By Charles Maley and Nick Pingitore
I don’t know how to sit outside myself and test against a hypothetical self who stayed home – THOM GUNN
I have had the great pleasure of working with Nick Pingitore for the last 10 years. After being a client of mine for over five years, Nick and I decided to team up and further research our ideas about building “real world” trading systems.
Nick is an engineer by degree and therefore has a great background for the mathematical challenges of “back testing.” In fact, of all the system developers that I have worked with (and there are plenty) I think Nick has one of the best grips on just how challenging it is to build a reliable trading system.
It’s not what you think though. It’s not because he has found ways around the limitations of “the back test,” it’s because he knows you can’t. Therefore he must build in strict money management to address the inevitable surprises of randomness.
Nassim Taleb, in his book The Black Swan, coined the phrases Mediocristan and Extremistan to distinguish between two types of randomness. All randomness is not created equal and must be dealt with, as it is what destroys most trading systems in the “real world”.
In Mediocristan, everything has boundaries and limits that can be easily measured. Things like IQ scores, height, and weight, and how much people smoke would be examples of Mediocristan.
If we were to randomly select 1000 people and calculate the mean weight, we can be reasonably assured that no one sample will dominate the distribution. In other words, you may find the average weight of 1000 men to be 200 lbs, but you won’t find a man weighing in at 200,000 lbs. Even the heaviest man in the sample will not materially affect the mean value of a distribution.
Let’s say that instead of weighing the 1000 men we find out their incomes. Now, even though the mean income might be $75,000 for 999 men, what if the final entry made 75 million a year? Now we have one event that’s 1000x the mean and also doubles the mean value.
This one sample (event) can change the entire distribution, and in some ways makes it meaningless to depend on. After all, if I am trying to get some idea of what to expect from sampling, and one event can ruin the whole thing, what good is it?

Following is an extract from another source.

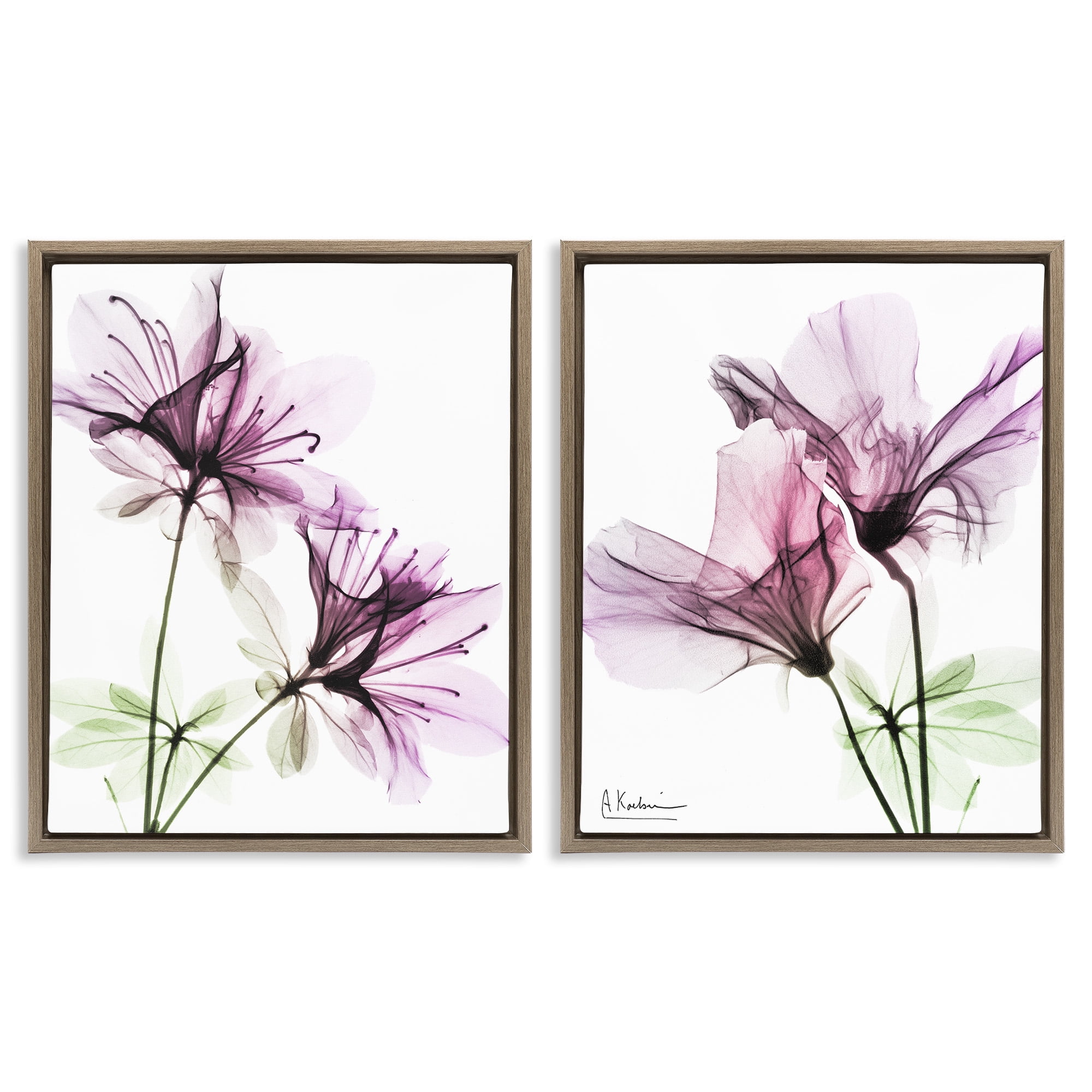Stupell Industries Purple Flower Bloom Design Botanical & Floral Photography Brown Floater Framed Canvas Art Print Wall Art, 25 x 31, Set of 2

Joan Baez once said “hypothetical questions get hypothetical answers.” When building a trading system, we need to be aware of the limitations of the back test and not buy entirely into the hypothetical suggestions. We not only need to be aware of potential extreme randomness, but we also need ways of protecting ourselves when it happens.
In a recent article about building trading systems Nick said, “Traits that make a good system developer are often the opposite of those that make a good trader. A developer always wants to improve their methods and make them as efficient as possible in regard to risk and reward. A trader understands that there is no efficiency in making money and takes profits when the market gives it to them, while continually managing their risks.”
Most system developers constantly evolve their systems to produce better and better backtests (with hindsight, of course). Our strategies, however, were not developed prior to trading, but only after several successful years of trading and analyzing what consistently works in real-world trading.
In other words, we built our systems around our “real world” trading that was successful as opposed to creating something in the computer that “should work in the real world.”
Nick goes on to say, “Unfortunately, there is no perfect system that works in all market environments. The key in trading is to use the right system in the right market environment, but this is an art based on years of experience and insight. There are, however, some robust methods that can be used to implement commodity trading systems or strategies into the real world and make the crossover from hypothetical to reality as least painstaking and unexpected as possible.”
“We focus on two main priorities in implementing commodity trading systems into the real world. The first is on breaking down the robustness of the performance and the second is on managing risk and exposure, including keeping the maximum drawdown within reason.”
To break down the robustness of a system, we do two types of tests. The first is to obtain a set of robust metrics on the commodity trading system. The second is to test across a large set of data followed by several subsets.
The metrics that we feel are the most reliable are:
- High positive Mathematical Expectation
- Large average trade
- Low standard deviation of daily returns
- High MAR Ratio
- Low leverage and exposure
- Low or positive tracking error
- High profit /cost ratio
(Note: for any test to be of any value, testing on markets only liquid enough to trade and realistic slippage and commission assumptions must be used.)
In the trading world we have a duel edged sword. On one hand we are unfortunately held hostage to the same extremistan surprises that could blow us up. On the other hand these are the events that can make us wealthy. In trading, it is the same extreme moves that make the effort worthwhile.
It is one of those businesses that one or two big events (trades) can make your whole year. Just like authors or rock stars where a handful of stars generate most of the revenues, a handful of trades do the same thing.
The trick is staying alive long enough to be there when they come.